▸ What to work on:
When you reach the line with "Avia Gray Leopard Crew Neck Pullover Sweater" in the data below, begin printing lines exactly, and stop once the line with "Modern Gold Chandelier" has been printed.

▸ Task data:
+ + + + +
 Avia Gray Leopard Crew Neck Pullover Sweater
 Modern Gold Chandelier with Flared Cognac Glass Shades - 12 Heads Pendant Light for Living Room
+ + + + +
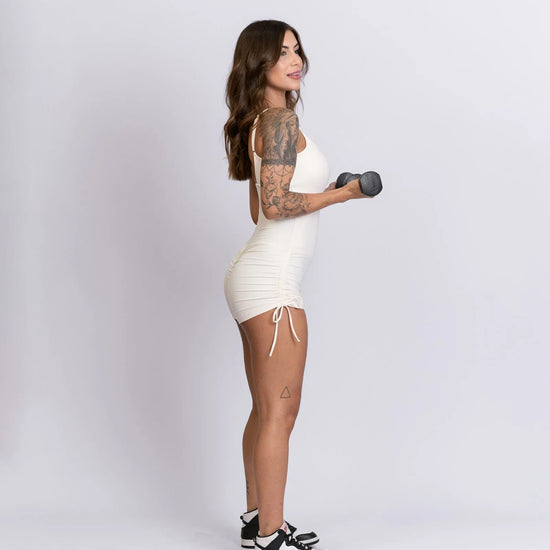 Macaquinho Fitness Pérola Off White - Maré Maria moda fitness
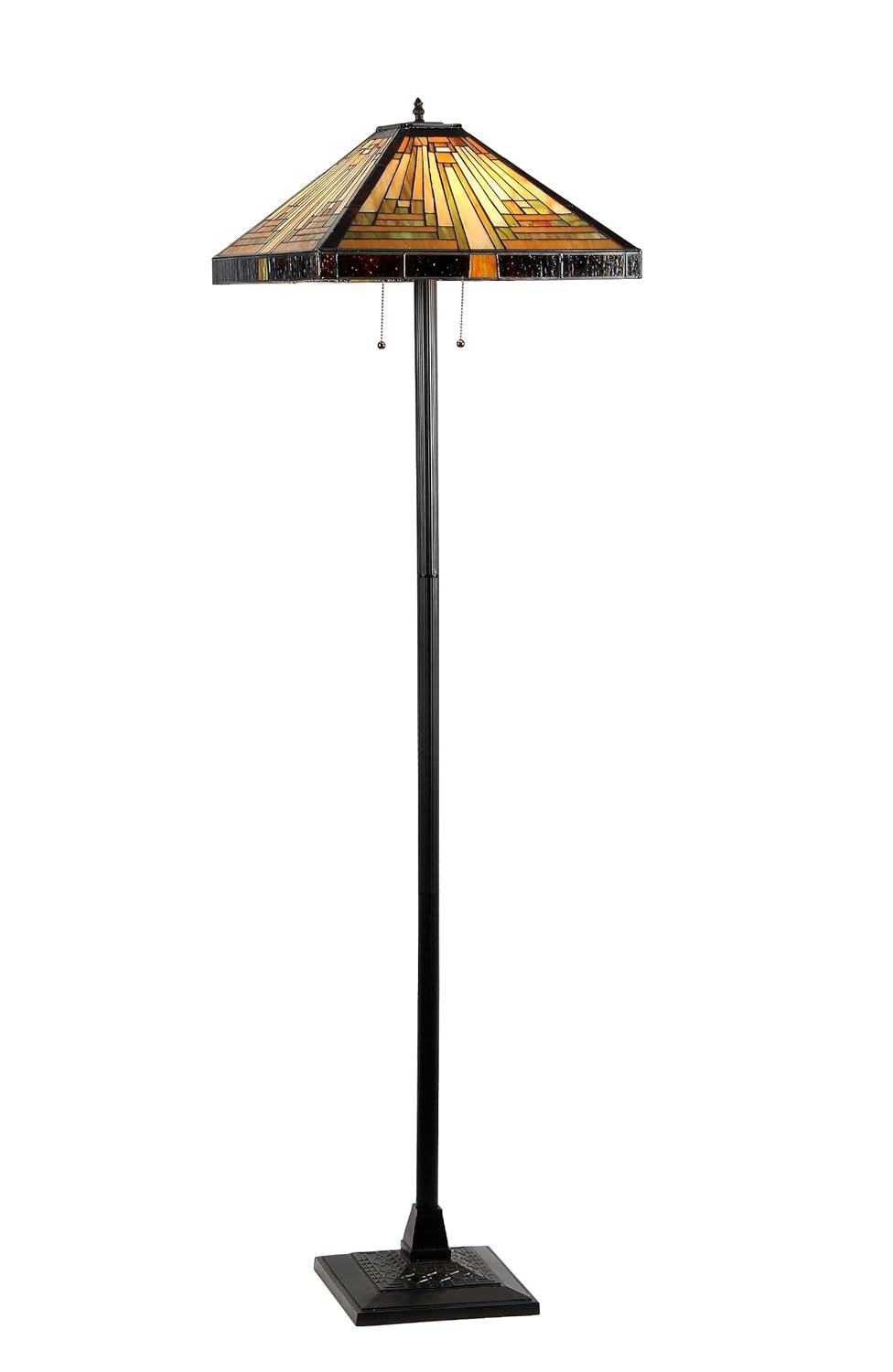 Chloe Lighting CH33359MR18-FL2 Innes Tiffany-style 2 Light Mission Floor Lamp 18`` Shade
+ + + + +
▸ Written answer:
 Avia Gray Leopard Crew Neck Pullover Sweater
 Modern Gold Chandelier with Flared Cognac Glass Shades - 12 Heads Pendant Light for Living Room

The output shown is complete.